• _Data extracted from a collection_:
******************************

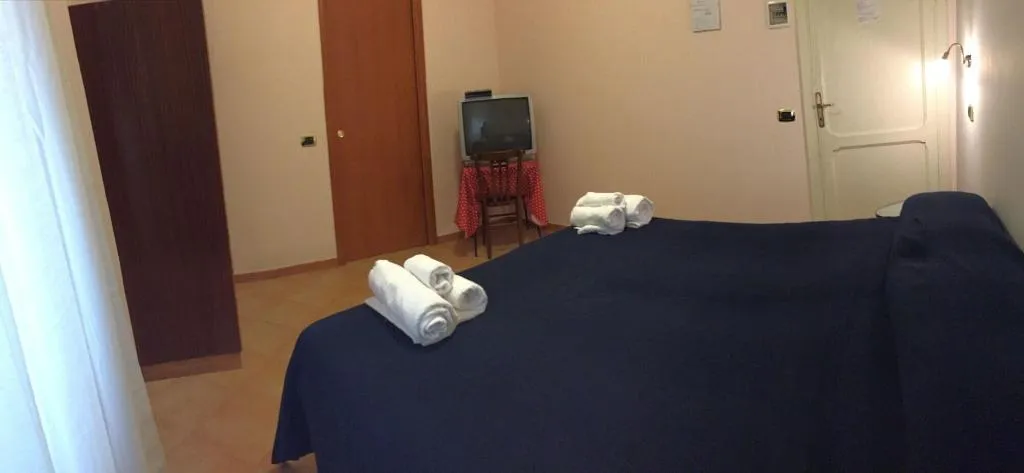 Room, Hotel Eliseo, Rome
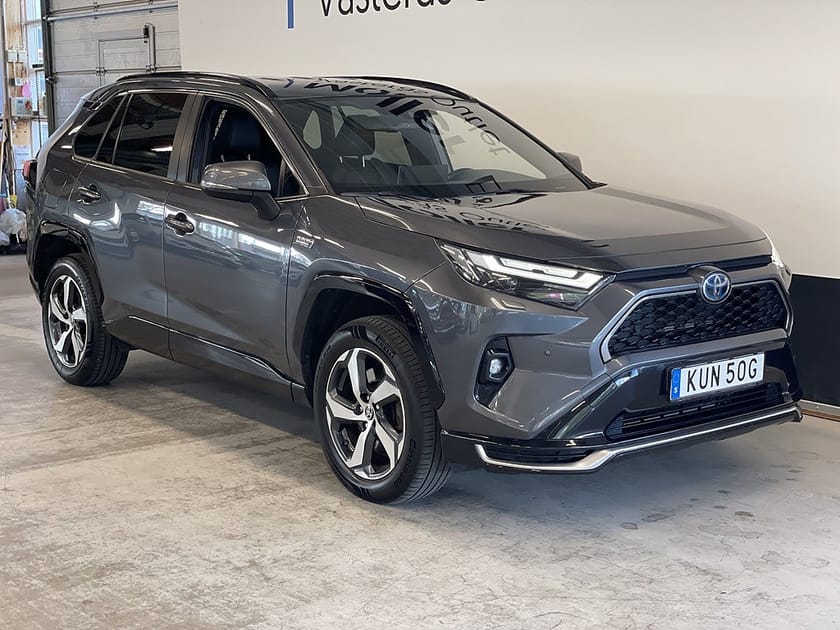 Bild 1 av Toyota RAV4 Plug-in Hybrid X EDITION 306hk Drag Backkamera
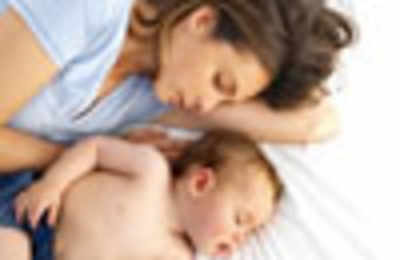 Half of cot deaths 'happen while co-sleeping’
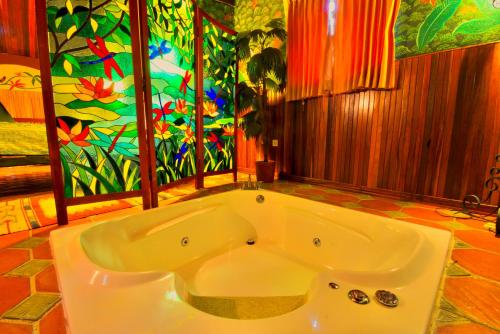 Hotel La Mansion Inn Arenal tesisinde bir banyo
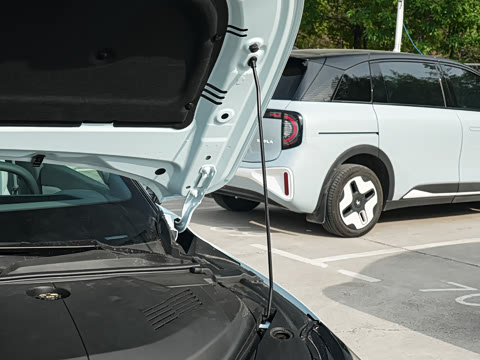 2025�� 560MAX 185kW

******************************

• _What is needed_: Write out word for word every line from the line with "Half of cot" through the final line of the records, both included, skipping the pictures.

• _Reply_:
 Half of cot deaths 'happen while co-sleeping’
 Hotel La Mansion Inn Arenal tesisinde bir banyo
 2025�� 560MAX 185kW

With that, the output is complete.